Memory Leaks: Finding and Fixing
Memory leaks accumulate silently; investigations are painful. Process below cuts time-to-fix substantially.
Recognizing leaks
Memory leak: memory grows without bound; eventually OOM kills the process.
Distinguishable from cache growth (caches plateau) and load growth (corresponds to traffic).
Four-symptom checklist
- 1. Restart cycle, service restarts every N hours.
- 2. Slow leak in dashboard.
- 3. GC frequency rising.
- 4. Latency degrading slowly over hours.
Heap-dump analysis
JVM: heap dump + Eclipse MAT.
Go: heap profile via pprof.
Python: tracemalloc + objgraph.
Each language has its tool; learn yours.
Safer alternatives
Continuous profiling beats incident-time heap dumps.

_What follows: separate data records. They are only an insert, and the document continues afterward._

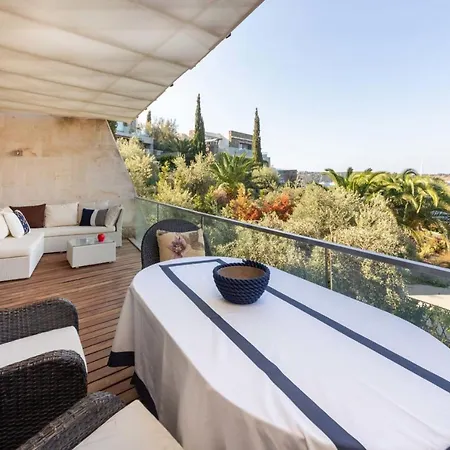 Regal With Shared Pool Near Beach In Bodrum Отель 3*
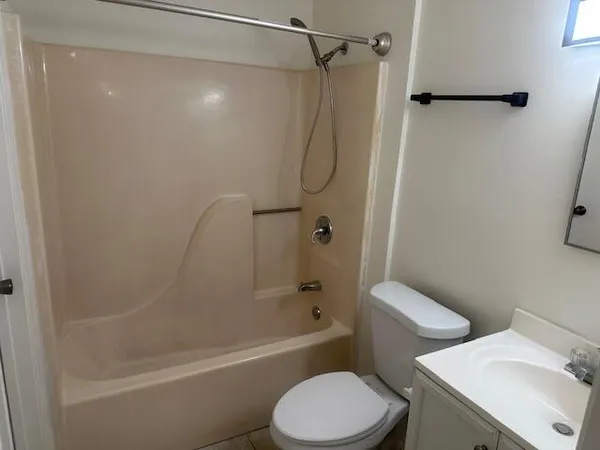 $1,200 | 6904 Sea Turtle Circle, Unit C, Navarre, FL 32566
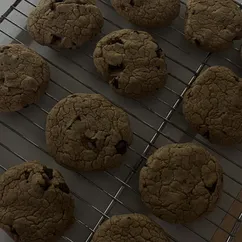 Шоколадное печенье с кусочками шоколада 🍪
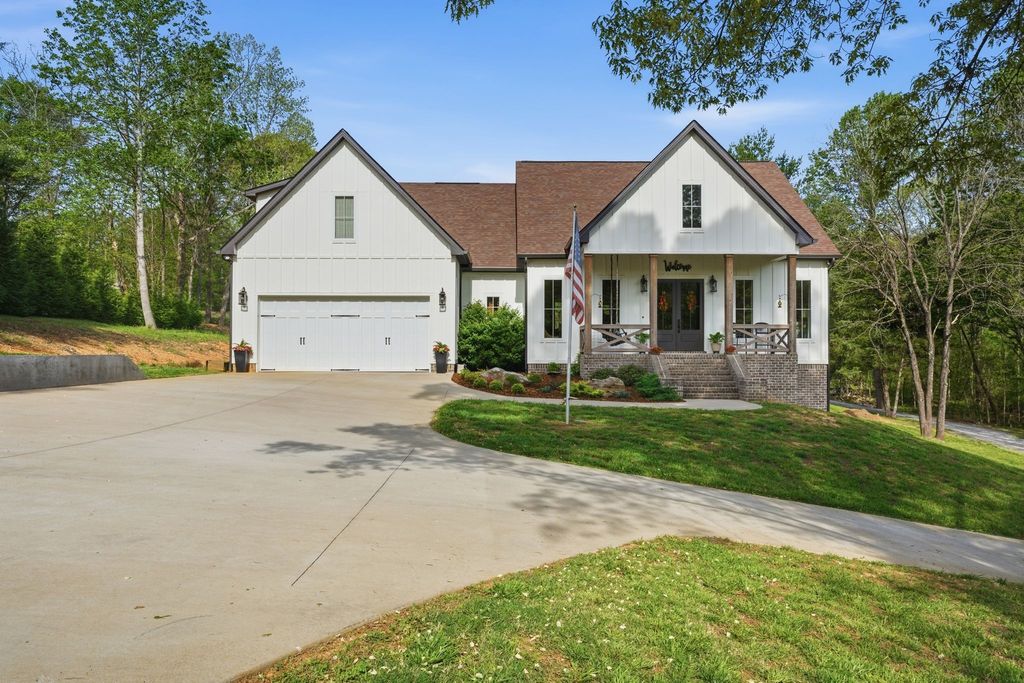 1602 Errel Dowlen Rd, Pleasant View, TN 37146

Per-request memory accounting (allocation sampling) flags growth in specific code paths.
Memory regressions in CI: fail PR if test process holds >X memory.
Antipatterns
- Diagnosing in production with stop-the-world dumps. Outage.
- Restarting as the ‘fix.’ Treats symptom.
- Memory leaks blamed on framework. Usually app code.
What to do this week
Three moves. (1) Apply this pattern to your slowest production endpoint. (2) Measure p99 before/after. (3) Document the win and ship the runbook so the team can reproduce.